Consider two Poisson Random Processes $A(t), B(t)$ with parameters $a, > b$. Let $T$ be the time where exactly two events of type A and exactly two events of type B have occurred. What distribution does $T$ follow?
My attempt:
Consider $X = X_1 + X_2$ the time that two events of type A have occurred and $Y = Y_1 + Y_2$ the time when two events of type B have occurred.

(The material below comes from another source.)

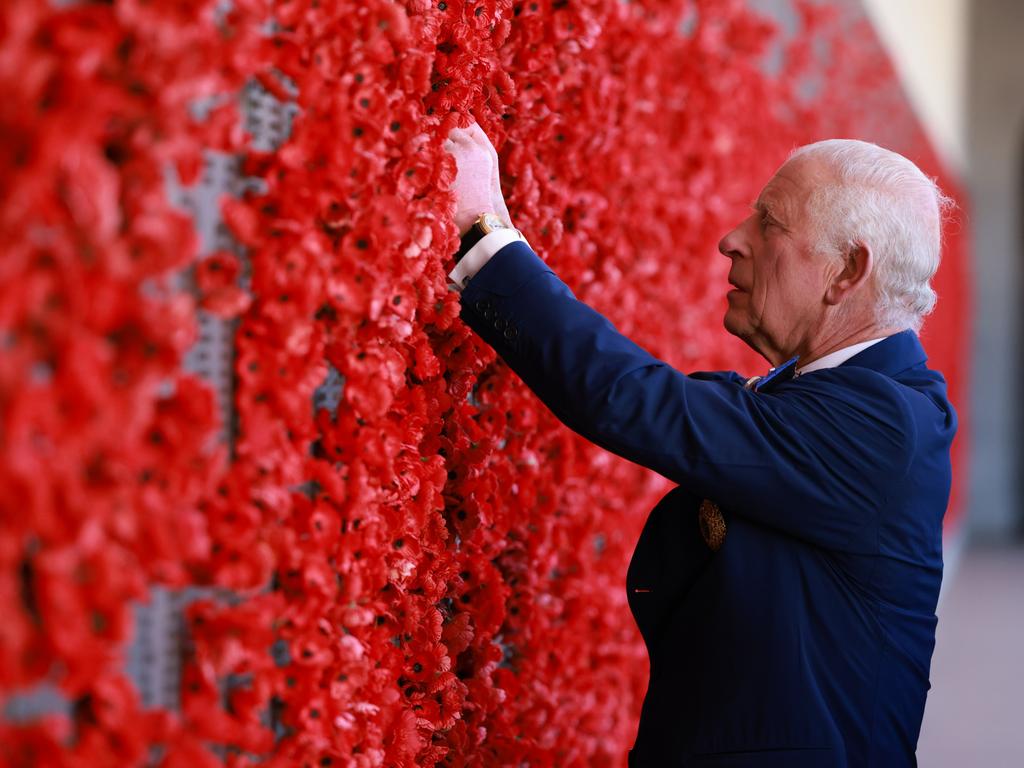 King Charles lays a poppy at the Australian War Memorial on Monday. Picture: Getty Images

The interarrival times follow exponential distribution so $X \sim G(2, a), Y \sim G(2, b)$ Let $T = \max (X, Y)$
Then $$F_T(t) = \Pr[T \le t] = \Pr [X \le t] \Pr [Y \le t] = F_X(t)F_Y(t) $$ and its PDF is $$f_T(t) = f_X(t) F_Y(t) + f_Y(t) F_X(t)$$
Is my approach right?
Yes, but to justify it, you need to use that $\{A(t)\ge 2\}=\{X\le t\}$ and $\{B(t)\ge 2\}=\{Y\le t\}$. In particular, $T= \min\{t\ge 0: A(t)\ge 2, B(t)\ge 2\} = \min\{t\ge 0: X\le t, Y\le t \}=\max(X,Y) $. Then if both processes are independent, you can use your argument.